Davalı erkek vekili temyiz dilekçesinde özetle; Ankara Bölge Adliye Mahkemesi ve İlk Derece Mahkemesince verilen kararların usul ve yasaya aykırı olmakla birlikte davalının emekli maaşı aldığını, davacı lehine tazminat ve nafakaya hükmedilmesinin hatalı olduğunu, kusur tespitinin doğru yapılmadığını, bu sebeplerle boşanma ve davacı lehine hükmedilen nafaka ve tazminaların reddine karar verilmesini, ortak çocuk ...'nın velayetinin davalıya verilmesi istemi ile tamamına yönelik kararın bozulmasını talep etmiştir.

C. Gerekçe

1. Uyuşmazlık ve Hukuki Nitelendirme

Uyuşmazlık, kadının açtığı evlilik birliğinin temelinden sarsılması hukuki nedenine dayalı boşanma davasında taraflar arasında ortak hayatı temelinden sarsacak ve birliğin devamına imkân vermeyecek derecede geçimsizlik bulunup bulunmadığı, geçimsizlik varsa kusurun kimden kaynaklandığı, boşanma davasının kabulünün doğru olup olmadığı, kadın lehine maddî ve manevî tazminata hükmedilmesi şartlarının gerçekleşip gerçekleşmediği, kadın lehine hükmedilen maddî ve manevî tazminatın koşulları varsa miktarının ve kadın ile ortak çocuk lehine hükmedilen nafakaların kabulü şartları ile miktarının yerinde olup olmadığı ve velâyet düzenlemesi noktasında toplanmaktadır.

2. İlgili Hukuk

6100 sayılı Kanun'un 190 ncı maddesi, 369 uncu maddesinin birinci fıkrası ile 370 ve 371 inci maddeleri; 4721 sayılı Kanunu’nun 6 ıncı maddesi,166 ncı maddesinin birinci ve ikinci fıkrası, 169 uncu maddesi, 174 üncü maddesi, 175 inci maddesi, 182 nci maddesi, 330 uncu maddesi, 327 nci maddesi, 336 ncı maddesi. 6098 sayılı Türk Borçlar Kanunu'nun 50 nci ve 51 inci maddeleri.

3. Değerlendirme

1.Bölge Adliye Mahkemelerinin nihai kararlarının bozulması 6100 sayılı Kanun'un 371 inci maddesinde yer alan sebeplerden birinin varlığı hâlinde mümkündür.

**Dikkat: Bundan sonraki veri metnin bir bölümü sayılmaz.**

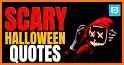 Halloween Quotes 2019 related image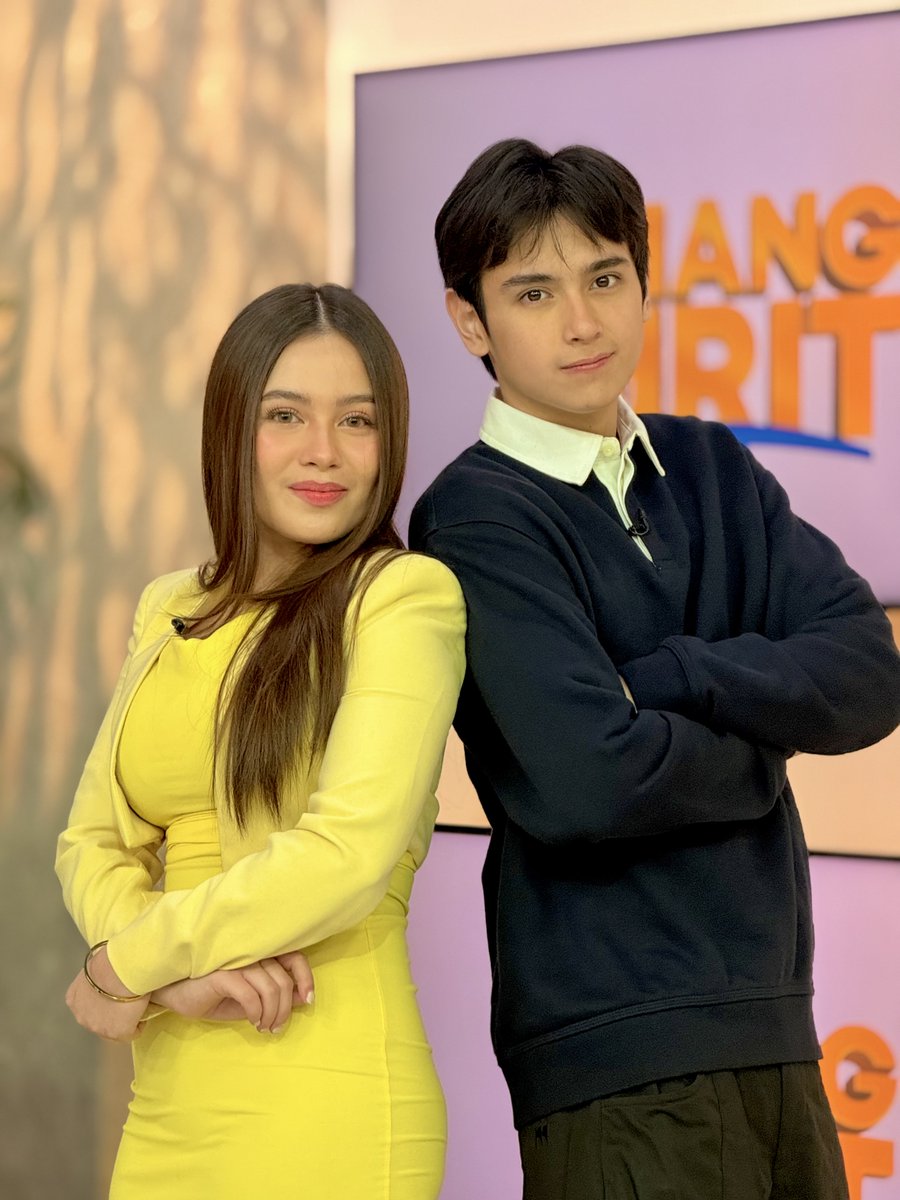 Unang Hirit tweet media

2.Temyizen incelenen karar, tarafların karşılıklı iddia ve savunmalarına, dayandıkları belgelere, uyuşmazlığa uygulanması gereken hukuk kuralları ile hukuki ilişkinin nitelendirilmesine, dava şartlarına, yargılama ve ispat kuralları ile kararda belirtilen gerekçelere göre usul ve kanuna uygun olup davalı erkek vekilince temyiz dilekçesinde ileri sürülen nedenler kararın bozulmasını gerektirecek nitelikte görülmemiştir.

VI. KARAR

Açıklanan sebeplerle;

Temyiz olunan Bölge Adliye Mahkemesi kararının 6100 sayılı Kanun'un 370 inci maddesinin birinci fıkrası uyarınca ONANMASINA,

Aşağıda yazılı temyiz giderinin temyiz edene yükletilmesine,

Dosyanın İlk Derece Mahkemesine, kararın bir örneğinin Bölge Adliye Mahkemesine gönderilmesine,

07.10.2024 tarihinde oy birliğiyle karar verildi.